CovOps
Location : Ether-Sphere Job/hobbies : Irrationality Exterminator Humor : Über Serious
| Subject: What Happens If Americans Stop Trusting Their Corrupt System? Fri Nov 16, 2018 6:36 pm | |
| It’s been quite a while now that the phrase “cold civil war” has been bandied about. And it’s useful, so far as it goes. Polarization has now become tribalism, and tribe is now so powerful a force it is beginning to eclipse national loyalty. The two nations, to borrow Benjamin Disraeli’s description of 19th-century Britain, stand facing each other, without blinking, faces flush, equally matched, on trigger alert for offense or another set battle. What we don’t quite know is if this tenuous, balanced equilibrium is sustainable indefinitely, the system careening from one party’s bitterly contested rule to gridlock and back again, until our tribal tensions are somehow exhausted. Or whether the cold civil war could at some point get a little warmer, or even, shall we say, hot.

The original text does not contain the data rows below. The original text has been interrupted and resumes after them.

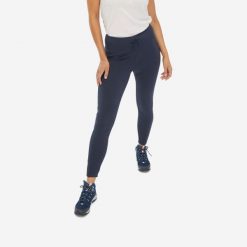Legginsy turystyczne damskie Quechua NH100. Niebieskie legginsy QUECHUA, bez wzorów, z elastanu, sportowe. Za 99.99 zł.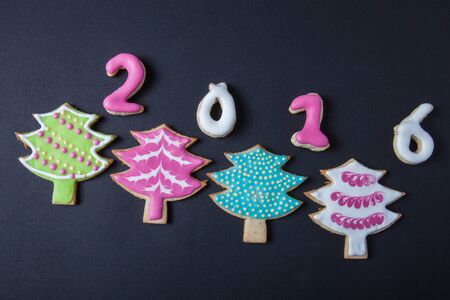 Gingerbread homemade cookies with icing on a black table or board for background. Figures 2016 New...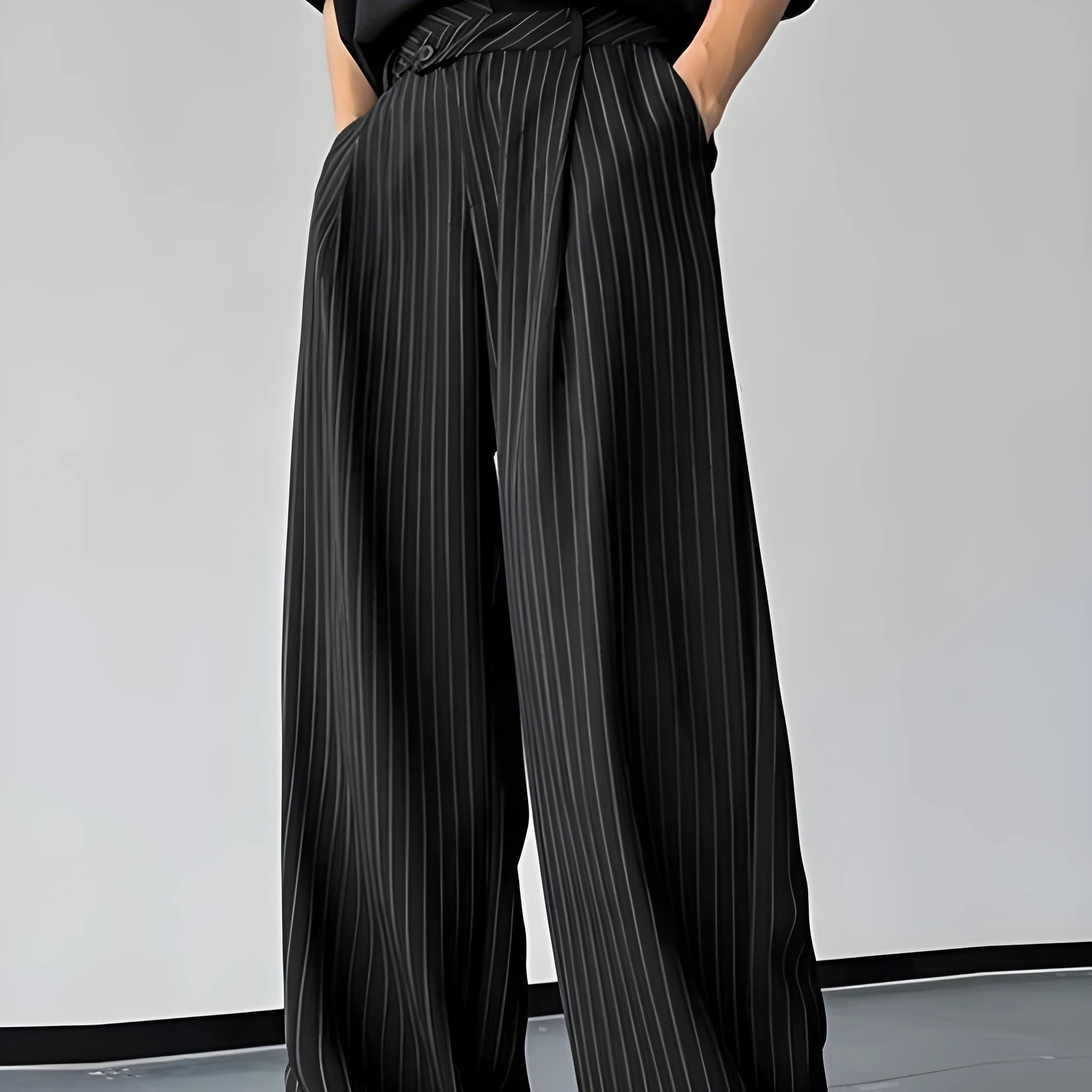 Man wearing black vertical stripe pleated casual trousers.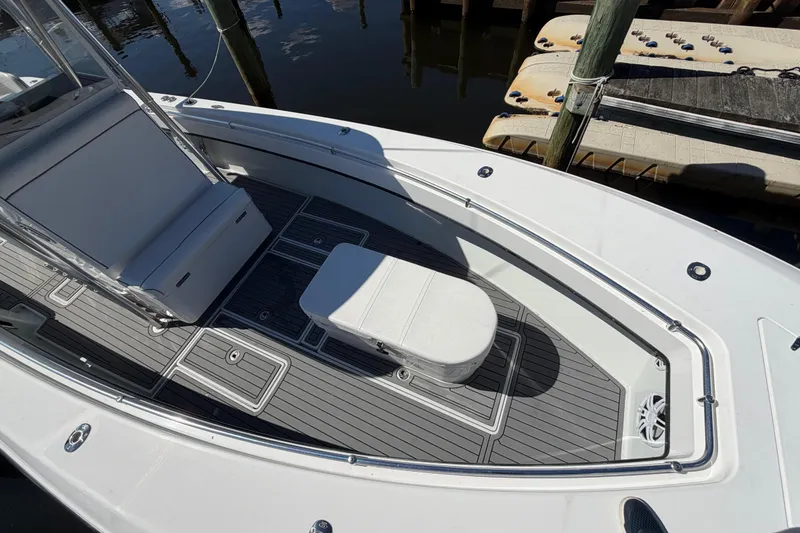 Slide: The Image of 2015 Contender 32 ST boat deck with seating and storage, docked at marina. - 10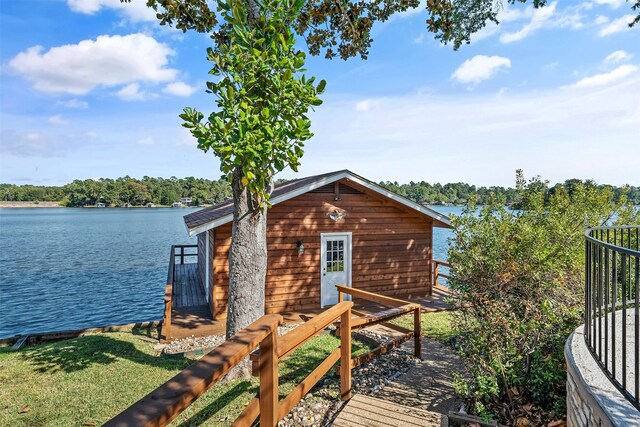 exterior space with a boat dock and a water view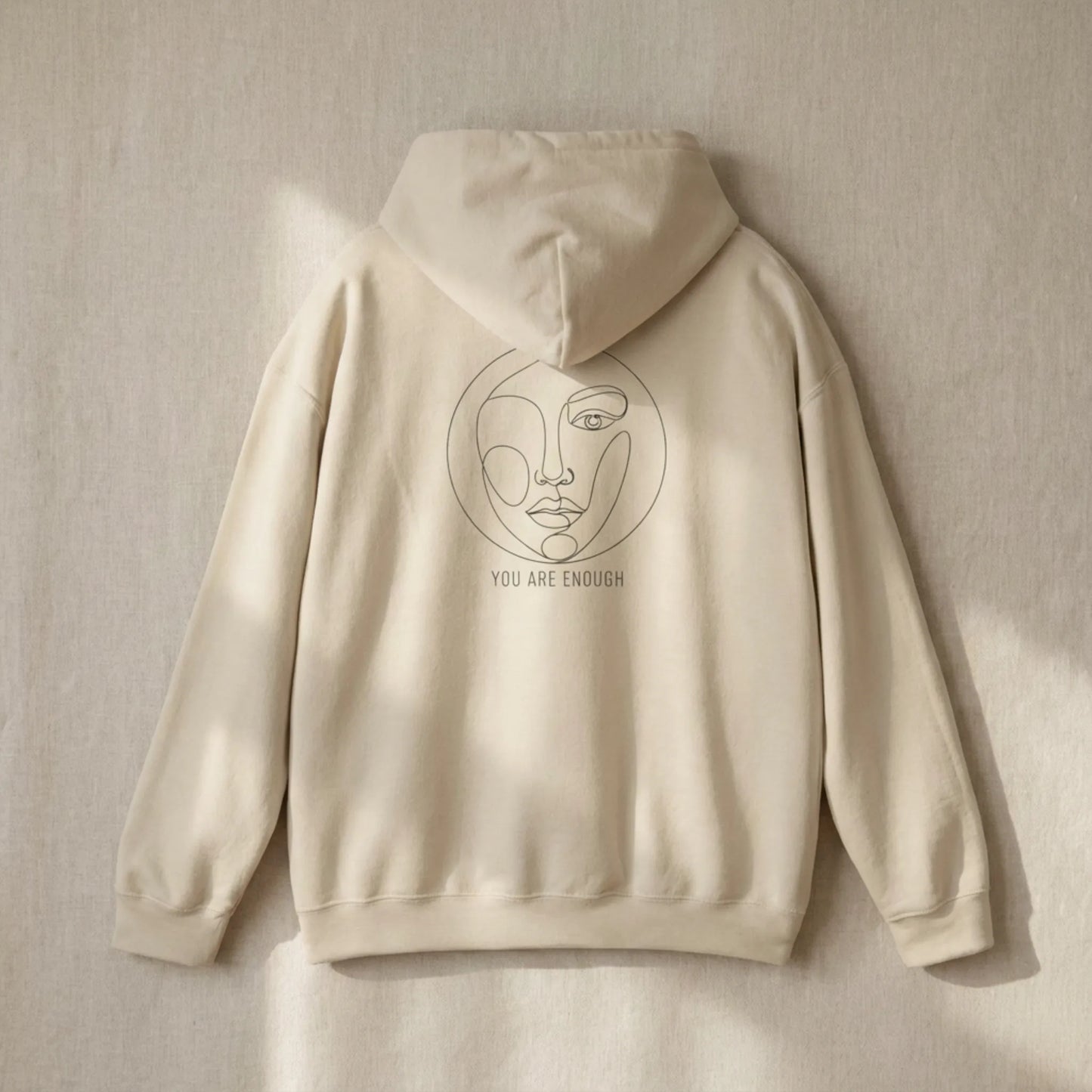 Flat lay of sand Abstract Muse Face hoodie showing full You Are Enough back design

What we don’t know, in other words, is when the legitimacy of the entire political system could come into doubt, across the ideological spectrum, in a way that might sanction undemocratic responses. By legitimacy, I don’t mean having deep differences in policy with a president or his party; I don’t mean contempt for, or even mere opposition, to the powers that be; I mean denial of the core validity of the key institutions and players in our system. It’s one thing, after all, to disagree profoundly with an administration’s policies; and another thing entirely to believe an administration, or a congressional majority, or a Supreme Court majority, is fundamentally unjust, and its decisions therefore nonbinding.